From the dust
jacket:
Have you ever
questioned the hyperactivity, the stress, and the competition of your
daily life? Are you constantly fighting the pressures that surround
you: the time demands, the way people relate to one another, the working
hours, the long commute? Have you ever wondered if you should be living
a different life—but feel powerless to escape “the way
things are”?
In this groundbreaking
work, Paul Stiles puts forth a simple idea with tremendous repercussions.
Drawing on a decade of research and incorporating numerous photographs
and illustrations, he shows that what we commonly refer to as “the
market” is more than just an economic means of distribution.

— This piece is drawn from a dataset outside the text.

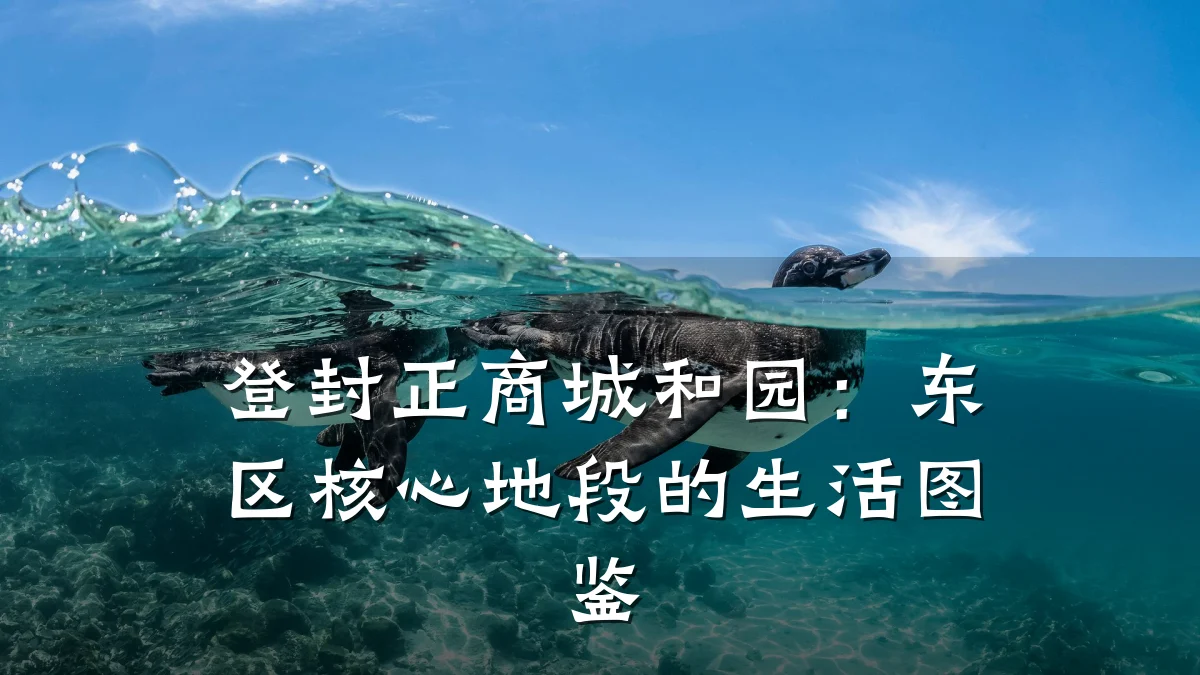 登封正商城和园:东区核心地段的生活图鉴
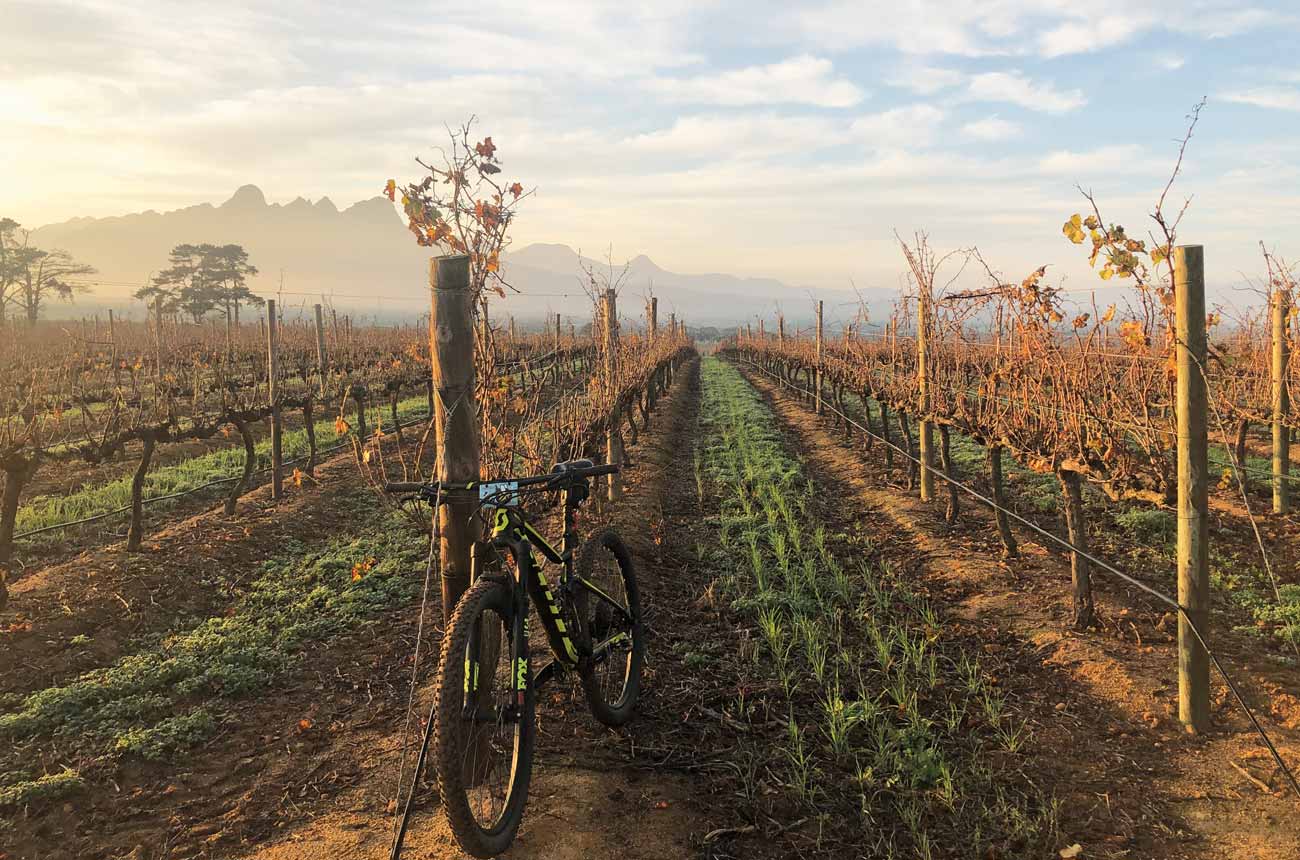 DEC281.south_africa_travel.winelands_cycling_club_trails_credit_gavin_harvett.jpg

For the first time, we see the “free market” not as an
unlimited good but as a Jekyll-and-Hyde creature that creates material
prosperity at a heavy price. Here, in the unbridled rule of the market
over modern life, lies the source of so many of our current ills:
the spread of sprawl, widespread environmental damage, the corruption
of corporate life, and the polarization of politics.
Stiles illustrates
how the market constitutes a belief system unto itself, one that,
far from being synonymous with America, is actually innately opposed
to the traditional foundations of American life. Thus our national
creed is no longer “equality” or “opportunity”
but an obsession with market forces, market principles, market values—a
veritable “marketocracy.” The market is so pervasive in
our thinking that one can even divide politics, as Stiles neatly demonstrates,
into market liberals and market conservatives.
Stiles shows how
this virulent “hypermarket” explains such diverse phenomena
as the growth of mental health problems and obesity, the mass migration
of women into the workforce and the subsequent breakdown of the nuclear
family, the vulgarization of our culture, and the decline of morality
and the rise of the winner-take-all society. Here at last is a single,
coherent explanation for the world we live in every day.